En su única entrevista concedida al programa Y ahora Sonsoles de Antena 3, Noelia declaró: “El 26 me aplican la eutanasia, lo tenía muy claro desde el principio. Quiero irme ya en paz y dejar de sufrir”. La joven ha manifestado que desea recibir la eutanasia sola, sin la presencia de familiares en la habitación, y que se siente serena ante la decisión.
El procedimiento está programado para esta tarde en la residencia donde reside.
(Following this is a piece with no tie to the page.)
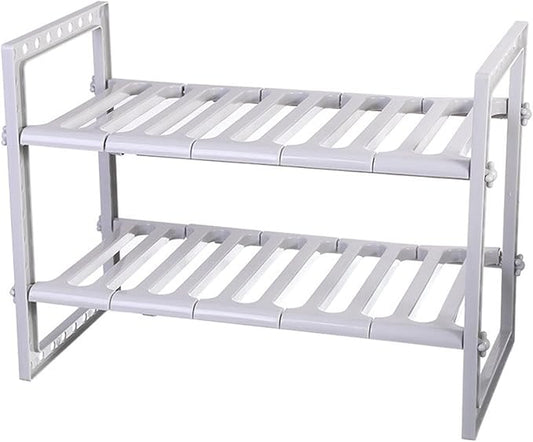 Under Sink Organizer Shelf, 2 Tier Expandable Under Sink Shelf, Retractable Multifunction Under Sink Cabinet Storage Shelf Rack for Kitchen Bathroom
Fuera del centro se han convocado concentraciones y vigilias de oración por parte de personas contrarias a la eutanasia en este caso.Este caso ha generado un intenso debate público en España sobre el derecho a la muerte digna, la capacidad de decisión de personas con discapacidad y enfermedades crónicas, y los límites de la ley de eutanasia aprobada en 2021. Mientras algunos sectores defienden el derecho de Noelia a poner fin a su sufrimiento, otros, incluyendo la Conferencia Episcopal Española y Abogados Cristianos, consideran que el verdadero alivio debería pasar por acompañamiento y tratamiento en lugar de la muerte asistida.Noelia ha reiterado en varias ocasiones que nunca ha tenido dudas sobre su petición y que el largo proceso judicial ha prolongado innecesariamente su sufrimiento.